# Topaz's legs- Tied at the knee



## Breella (May 26, 2012)

These photos are a couple of months old, but they were the best leg shots I could find. I asked the vet about the shakiness of Topaz's left front leg and the vet said that he's tied at the knee. I've googled, I've searched the forum but I can't find very good info. All the vet said was that if he's lived this long like that it shouldn't be a problem and I should ride him fine.

What does this mean for riding?
How does it affect a 19-20 year old horse?
Is there any special care I should be doing to help maximize the muscles and strengthen his legs? 
Anything else I should know about this condition?


----------



## Elana (Jan 28, 2011)

A horse tied in at the knee simply means the leg narrows below the knee making the area prone to injury especially if you jump the horse or the horse travels heavy on the forehand. 

I have seen, ridden trained and owner horses far more tied in at the knee than this horse. 

If he is sound at age 19 use him. He will live longer and be happier for it.


----------



## Elana (Jan 28, 2011)

This horse would benefit greatly from regular work and lots of trotting up long hills on a loose rein with the rider standing in the stirrups. It would really help him to build the right muscles to continue to work for many years to come.


----------



## tinyliny (Oct 31, 2009)

yep. The horse is hardly tied in at all. rather nice-looking horse.


----------



## LikeaTB (May 28, 2012)

http://4.bp.blogspot.com/-bTvsoNRXLuE/Td1_Zh3NzoI/AAAAAAAAAEw/afHgbZuLvo8/s1600/Knee+image.jpg


----------



## Breella (May 26, 2012)

tinyliny said:


> yep. The horse is hardly tied in at all. rather nice-looking horse.


His legs shake and that is what prompted me to ask the vet when I had him out. I was cleaning his feet one day and he shook so bad he lost his balance and fell forward (he was still very skinny at the time and hasn't done it since.) Tiny, he's come a long way since September, he's gained over 200lbs and started putting even more weight on since I got his canine teeth fixed last week.

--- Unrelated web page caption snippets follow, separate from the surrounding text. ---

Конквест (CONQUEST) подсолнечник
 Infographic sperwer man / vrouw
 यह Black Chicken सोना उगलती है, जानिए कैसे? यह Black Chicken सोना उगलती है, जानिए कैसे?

As for working him I'm taking lessons and learning to lounge him on my own, I'm getting a surcingle for christmas with sidereins and I have wonderful friends at my barn that are going to help me get him re-broke to ride.


----------



## Elana (Jan 28, 2011)

Why does he need to be "re-broke?" 

He may need a reminder.. but I have never had a horse "forget" how to be ridden even after a few years laid off. They are not alway smart animals, but they have wonderful memories!!


----------



## Breella (May 26, 2012)

Elana said:


> Why does he need to be "re-broke?"
> 
> He may need a reminder.. but I have never had a horse "forget" how to be ridden even after a few years laid off. They are not alway smart animals, but they have wonderful memories!!


He was abused, badly. I've had to start from scratch with bit training. He's terrified of everything. I'm not sure how long he was mistreated for but it was long enough that he is still afraid of new people. He doesn't rear while walking any more, and he only startles when new people touch him rather than trying to take off. Thankfully I have a wonderful trainer who has the patience of a saint and barn buddies who have helped me loads with desensitizing him to loads of things.


----------